**What to do:**
Going through the data below, copy out each line where the word "manual" shows up.

[Materials provided Boundary: Start]

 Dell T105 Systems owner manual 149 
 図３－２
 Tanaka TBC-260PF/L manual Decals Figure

[Materials provided Boundary: End]
[Materials provided Boundary: Start]

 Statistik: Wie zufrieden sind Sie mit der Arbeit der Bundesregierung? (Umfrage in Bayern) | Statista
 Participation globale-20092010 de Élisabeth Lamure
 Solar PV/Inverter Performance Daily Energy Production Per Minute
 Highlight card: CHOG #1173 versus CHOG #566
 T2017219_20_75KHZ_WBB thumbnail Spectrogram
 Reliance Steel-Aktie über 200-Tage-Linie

[Materials provided Boundary: End]

**Solution:**
 Dell T105 Systems owner manual 149 
 Tanaka TBC-260PF/L manual Decals Figure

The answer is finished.